I am not a fan of utilizing sum of the parts analysis, but I think a lot of the sell-side community have become almost anchored to it, because the FCF yield to equity is just so high...the trend in multiples used is the reverse hockey stick and down and to the right. I use a very low multiple for regionals, but I think there is a lot of room for multiple expansion in Digital from street range of 11-14x and also elasticity in the multiple for Vegas from 8-10x range. 

Summary:

Over the next few months, CZR stock will have a material deleveraging overhang removed, allowing the company to begin it's capital return journey and catalyze the stock.

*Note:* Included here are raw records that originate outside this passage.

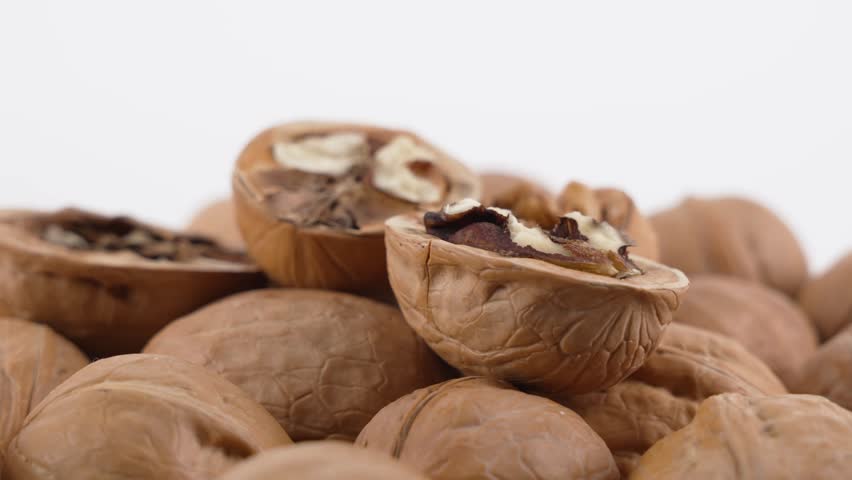 Cracked Walnuts. Rotating cracked walnuts reveal the nut inside their textured brown shells. The detailed close-up highlights freshness and natural nutrition.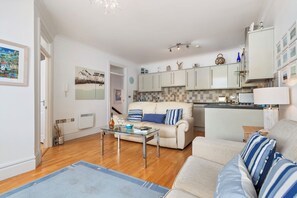 A modern living room with a sofa, a glass coffee table, and a kitchen area with cabinets and a countertop. - 6 Paragon House - St Catherines View - Tenby Sea View (Tenby)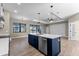 Open kitchen with blue island, stainless appliances, pendant lighting, and a view to the pool at 2523 Dixon Ter, Port Charlotte, FL 33981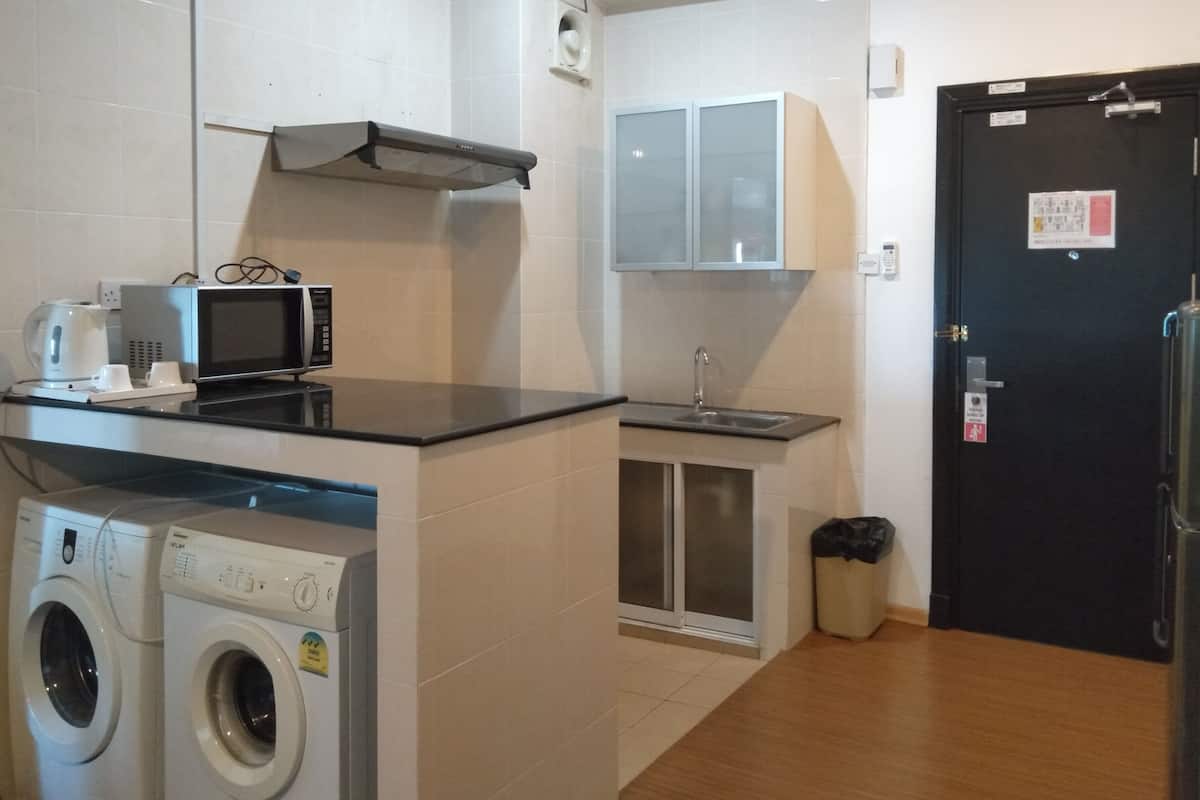 Een kleine keuken met een magnetron, waterkoker en wasmachine, een spoelbak, en een zwarte deur met een bericht.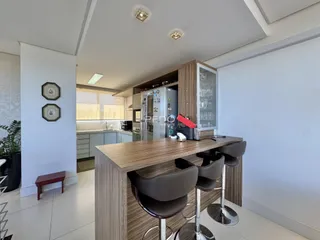 Vista de uma cozinha moderna com ilha e banquetas em um imóvel no Brasil.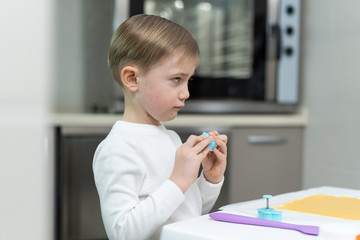 Little blond boy prepares holiday cookies in the kitchen and plays with baking dishes, he frowns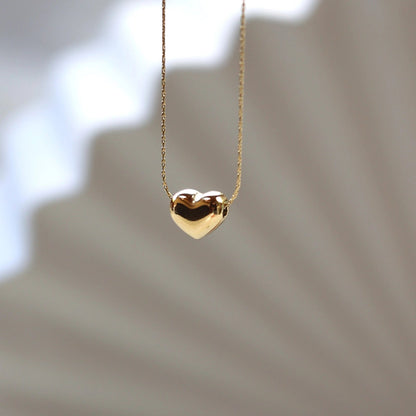 Collier Authentique avec pendentif cœur personnalisable, en acier inoxydable doré, photographié en gros plan sur un fond beige texturé.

I believe the company will aggressively repurchase shares via ASR and then likely institute a rolling 18 month authorization to repurchase $1.25-1.5bn and even evaluate a dividend distribution and opportunistically evaluate acquisitions, but unlikely to do anything transformational. 

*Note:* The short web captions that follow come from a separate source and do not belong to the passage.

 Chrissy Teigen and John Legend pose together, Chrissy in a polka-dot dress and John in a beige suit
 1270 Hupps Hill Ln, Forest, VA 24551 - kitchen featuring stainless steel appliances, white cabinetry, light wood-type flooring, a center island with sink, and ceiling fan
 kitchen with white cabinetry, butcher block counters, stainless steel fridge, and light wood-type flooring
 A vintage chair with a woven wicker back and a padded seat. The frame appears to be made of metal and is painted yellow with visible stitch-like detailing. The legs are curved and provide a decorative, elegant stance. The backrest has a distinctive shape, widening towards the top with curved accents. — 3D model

I do not hold a position with the issuer such as employment, directorship, or consultancy.
I and/or others I advise hold a material investment in the issuer's securities.

Catalyst

Torque:

Balance sheet positioned for large capital returns - Centaur removes leverage overhang, which will allow CZR to turn on a share repurchase authorization

Earnings revisions up in Vegas (offset potential weakness in Regionals)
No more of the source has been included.